Il giovane Assane (Djibril Kébé), senegalese di religione musulmana, è gettato in mare al largo di Lampedusa dai traghettatori della morte, si salva e va in cerca di un'occupazione e di una vita dignitosa. Dopo aver superato privazioni e umiliazioni d'ogni genere (lavoro nero, vita da ambulante senza-casa, attentati razzisti…), risalendo l'Italia da Messina a Firenze, fino a Torino, sembra aver trovato finalmente ciò a cui chiunque avrebbe diritto - il permesso di soggiorno, un lavoro decoroso, degli amici - quando viene picchiato selvaggiamente da un gruppo di balordi, solo per il colore della pelle.

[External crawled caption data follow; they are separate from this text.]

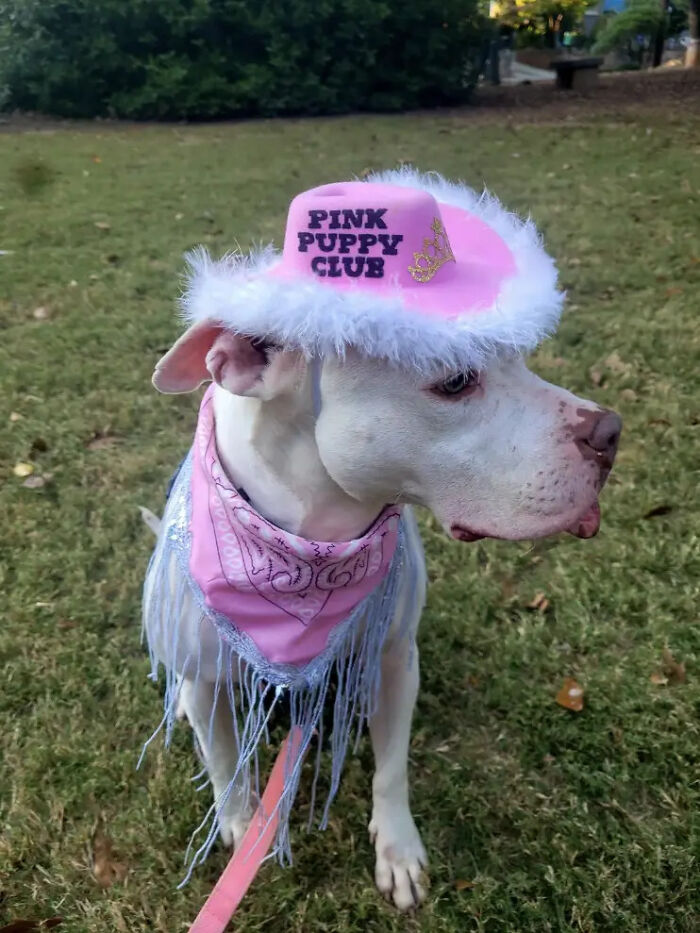 70 Of The Cutest And Most Creative Pet Halloween Costumes
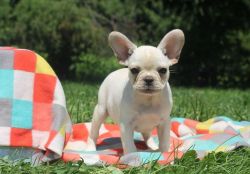 French bull dog looking for a new home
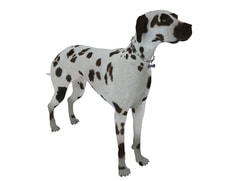 3D Model Dog animal free download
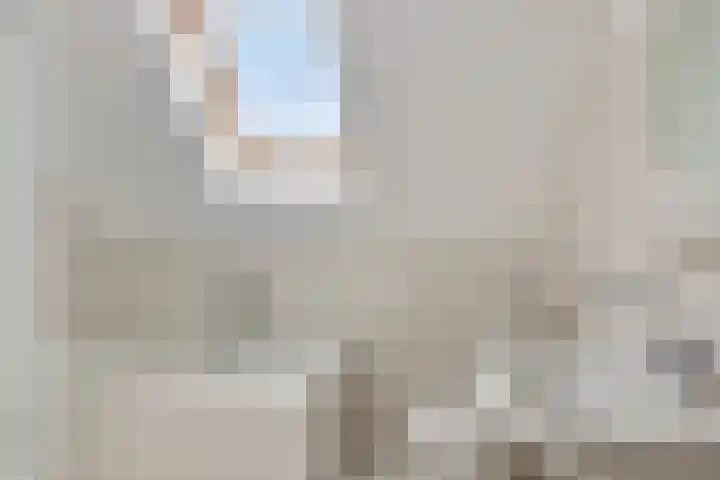 Brandnetellaan 4 Beilen thumbnail 19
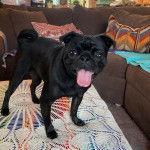 Un Bullpug sur un guéridon et ayant la langue pendante 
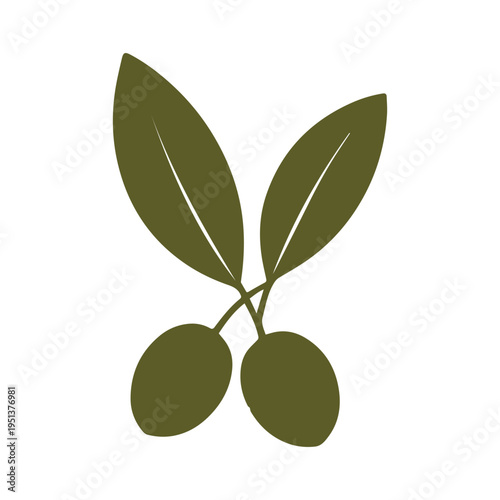 Organic market olive brand logo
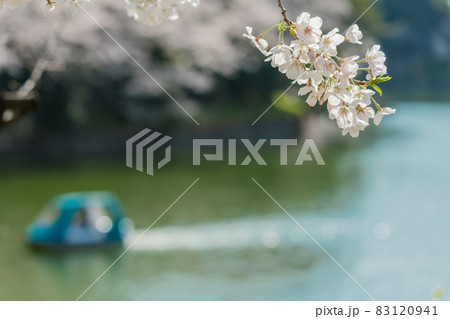 【満開　千鳥ヶ淵の染井吉野とボート】 83120941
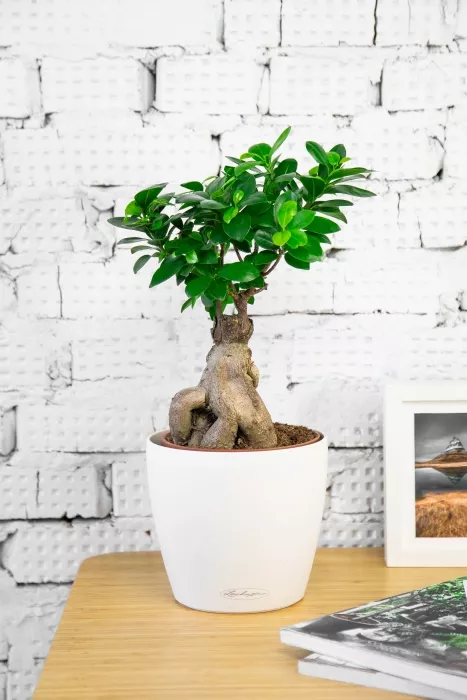 Бонсай в CLASSICO 18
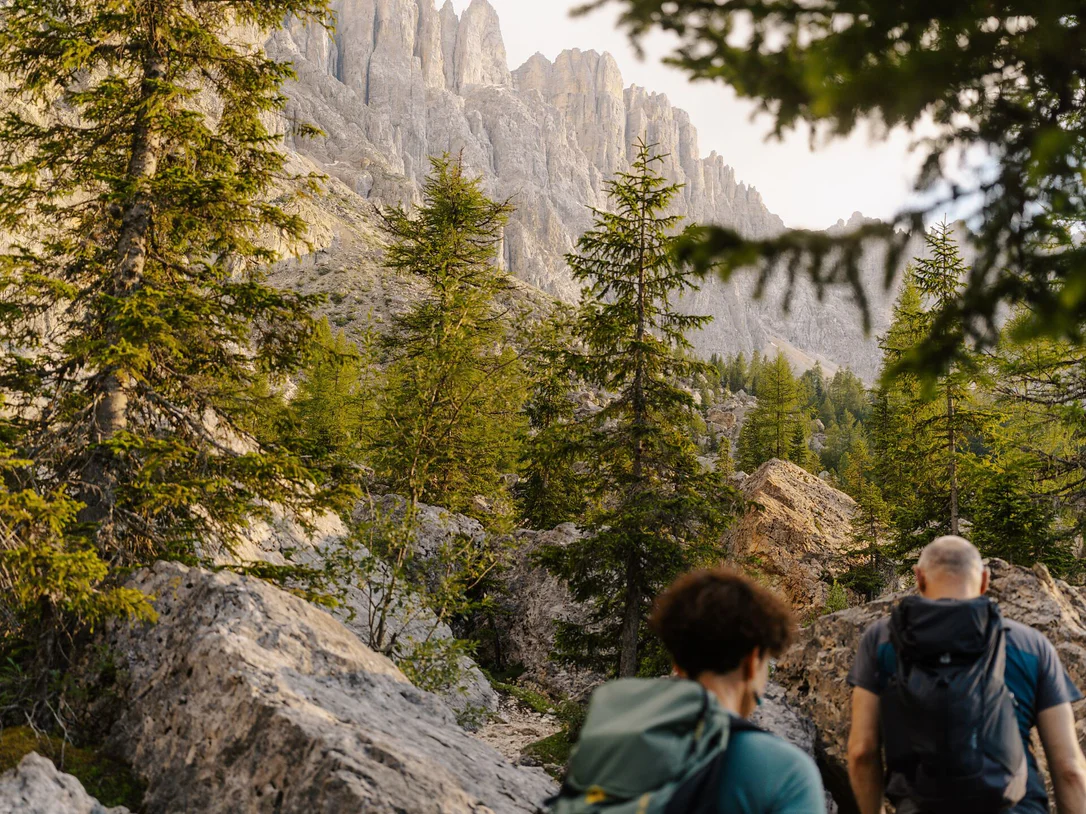Circular hike from the Passo Costalunga to the Latemar Labyrinth and mountain cinema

Nella seconda parte del film, Assane torna in Senegal preda di una forte depressione. Sospeso tra due concezioni opposte dell'esistenza, teme di aver perduto radici culturali, fede, identità; sarà il suo antico professore d'università a tendergli una mano per risalire dal baratro.

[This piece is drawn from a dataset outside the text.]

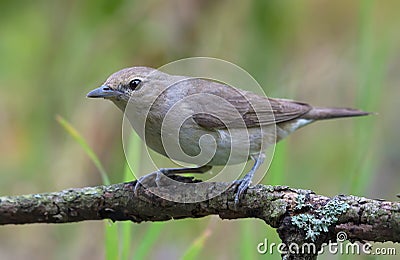 Garden warbler sylvia borin posing on little branch in light grey plumage Stock Photo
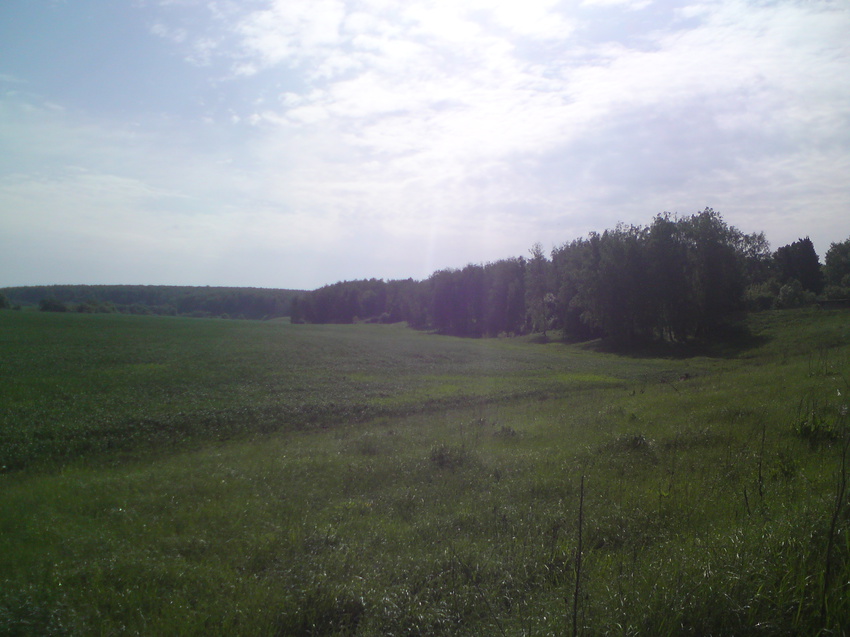 Спускаясь к полю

«Il film è stato girato in modo estemporaneo, improvvisato» ha detto il regista, soffermandosi sulle situazioni in cui ha deciso di "andare a braccio". Il risultato è un senso di eccezionale autenticità, tanto che ti pare di vivere le situazioni in presa diretta, saltando la mediazione della cinepresa; meglio, della telecamera, perché Lettere dal Sahara è girato in digitale. Citando Majakovskij, De Seta dichiara di credere in una "funzione" sociale del cinema e della televisione. E lo dimostra. Al punto che il suo film appare a tratti - nobilmente - didascalico, sposando il realismo delle immagini con la passione della declamazione civile. È un limite? Non lo diremmo. Vero che tutto il bene sta da una parte, tutto il male dall'altro: in Europa il cinismo e la religione del denaro; nel villaggio africano la solidarietà e la condivisione. Vero altresì che ad Assane, in nome della purezza e della fede religiosa, si "passa" tutto: anche quando, isolato e senza speranze, rifiuta l'ospitalità di una gentile connazionale perché la ragazza vive, non sposata, con un italiano.

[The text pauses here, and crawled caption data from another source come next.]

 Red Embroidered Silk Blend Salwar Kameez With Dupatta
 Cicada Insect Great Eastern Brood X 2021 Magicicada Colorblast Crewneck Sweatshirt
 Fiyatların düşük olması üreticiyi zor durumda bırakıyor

Però la sincerità del proposito è fuori discussione e il film instaura un inedito tipo di "manicheismo gentile", a fin di bene e di conoscenza: deciso, sostanzialmente, a farci aprire gli occhi su ciò che non conosciamo - o ci ostiniamo a non voler conoscere - degli immigrati che vivono accanto a noi. Intento encomiabile che qui a Venezia, alla proiezione per il pubblico, è stato salutato da dieci minuti di applausi commossi.